Due to their location, "the Nemunas loops" are often described using the Lithuanian name for the river. In 1992 Nemunas Loops Regional Park was founded. Its goal is to preserve the loops (Lithuanian: vingis) that the river makes in the Punia forest. Near Prienai, the river makes a 17 km loop (like a teardrop) coming within 1.2 km of completing the loop. Nemunas flows along the double bend between Balbieriškis and Birštonas for 48 km and then moves in a northerly direction for only 4.5 km. The loops are not conventional river meanders; they follow underlying tectonic structures. The faults are the source of local mineral springs. The area is historically and culturally significant. Its castles served as the first line of defense against forays by the Teutonic knights.

===Delta===

At its delta Nemunas splits into a maze of river branches and canals mixing with polders and wetlands and is a very attractive destination for eco-tourism. The four main distributaries are Atmata, Pakalnė, Skirvytė (the southern mouth, marking the international border) and Gilija. The river plays a crucial part in the ecosystem of the Curonian Lagoon. It provides the main water inflow to the lagoon and keeps the water almost fresh. This allows fresh water and brackish water animals to survive there. As the delta extends north the lagoon opposite narrows. Since the delta is in Lithuania, it is often referred to as Nemunas Delta.
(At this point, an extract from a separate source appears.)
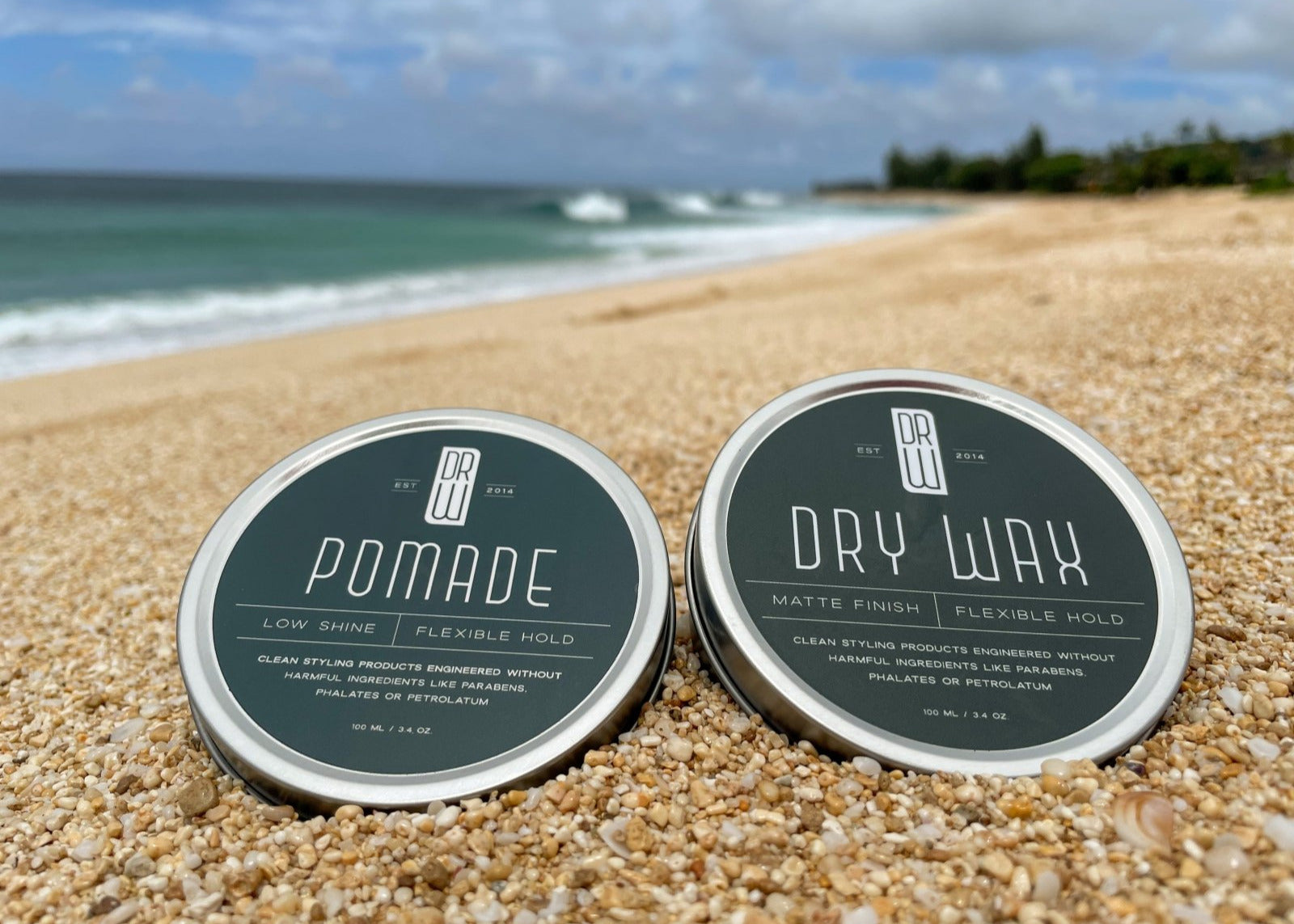 Dr. Watsons hair care pomade for hair styling Dr. Watsons hair care pomade for hair styling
Nemunas Delta Regional Park was created in the delta in 1992.

===Tributaries ===
The following rivers are tributaries to the river Neman/Nemunas (from source to mouth):

- Left: Servach, Mowchadz’, Shchara, Zelvyanka, Svislach, Lasosna, Czarna Hańcza, Zembrė, Peršėkė, Šešupė, Tylzha
- Right: Western Berezina, Gauja, Kotra, Haradnichanka, Merkys, Verknė, Strėva, Neris, Nevėžis, Dubysa, Mituva, Jūra, Minija

===Largest settlements on the river===
From west to east, the largest settlements are Sovetsk/Tilsit, Neman, Kaunas, Alytus, Druskininkai, Grodno, and Masty.

==Significance in culture==
Ptolemy referred to Neman as Chronos (although competing theories suppose Chronos was in fact Pregolya).

The river has lent its name to the Neman Culture, a Neolithic archaeological subculture.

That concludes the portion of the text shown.